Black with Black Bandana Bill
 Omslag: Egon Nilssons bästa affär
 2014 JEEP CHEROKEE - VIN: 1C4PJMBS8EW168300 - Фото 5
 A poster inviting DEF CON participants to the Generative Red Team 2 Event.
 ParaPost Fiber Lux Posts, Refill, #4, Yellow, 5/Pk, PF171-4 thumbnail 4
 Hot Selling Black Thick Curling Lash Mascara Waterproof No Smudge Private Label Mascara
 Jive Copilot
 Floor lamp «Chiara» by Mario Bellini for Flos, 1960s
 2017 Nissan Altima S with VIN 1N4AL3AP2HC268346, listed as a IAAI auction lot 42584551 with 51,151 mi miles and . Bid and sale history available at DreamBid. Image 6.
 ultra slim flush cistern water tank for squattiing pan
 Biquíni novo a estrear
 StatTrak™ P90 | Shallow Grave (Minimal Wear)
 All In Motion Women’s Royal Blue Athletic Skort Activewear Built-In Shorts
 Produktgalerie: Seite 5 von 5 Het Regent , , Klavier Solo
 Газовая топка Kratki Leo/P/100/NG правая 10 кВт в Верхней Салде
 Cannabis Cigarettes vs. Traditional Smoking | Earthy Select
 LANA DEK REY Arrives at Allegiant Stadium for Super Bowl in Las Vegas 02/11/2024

________________

■ **DIRECTIONS**: Every line of the data above should be reproduced word for word.

■ **EXPECTED OUTPUT**:
Black with Black Bandana Bill
 Omslag: Egon Nilssons bästa affär
 2014 JEEP CHEROKEE - VIN: 1C4PJMBS8EW168300 - Фото 5
 A poster inviting DEF CON participants to the Generative Red Team 2 Event.
 ParaPost Fiber Lux Posts, Refill, #4, Yellow, 5/Pk, PF171-4 thumbnail 4
 Hot Selling Black Thick Curling Lash Mascara Waterproof No Smudge Private Label Mascara
 Jive Copilot
 Floor lamp «Chiara» by Mario Bellini for Flos, 1960s
 2017 Nissan Altima S with VIN 1N4AL3AP2HC268346, listed as a IAAI auction lot 42584551 with 51,151 mi miles and . Bid and sale history available at DreamBid. Image 6.
 ultra slim flush cistern water tank for squattiing pan
 Biquíni novo a estrear
 StatTrak™ P90 | Shallow Grave (Minimal Wear)
 All In Motion Women’s Royal Blue Athletic Skort Activewear Built-In Shorts
 Produktgalerie: Seite 5 von 5 Het Regent , , Klavier Solo
 Газовая топка Kratki Leo/P/100/NG правая 10 кВт в Верхней Салде
 Cannabis Cigarettes vs. Traditional Smoking | Earthy Select
 LANA DEK REY Arrives at Allegiant Stadium for Super Bowl in Las Vegas 02/11/2024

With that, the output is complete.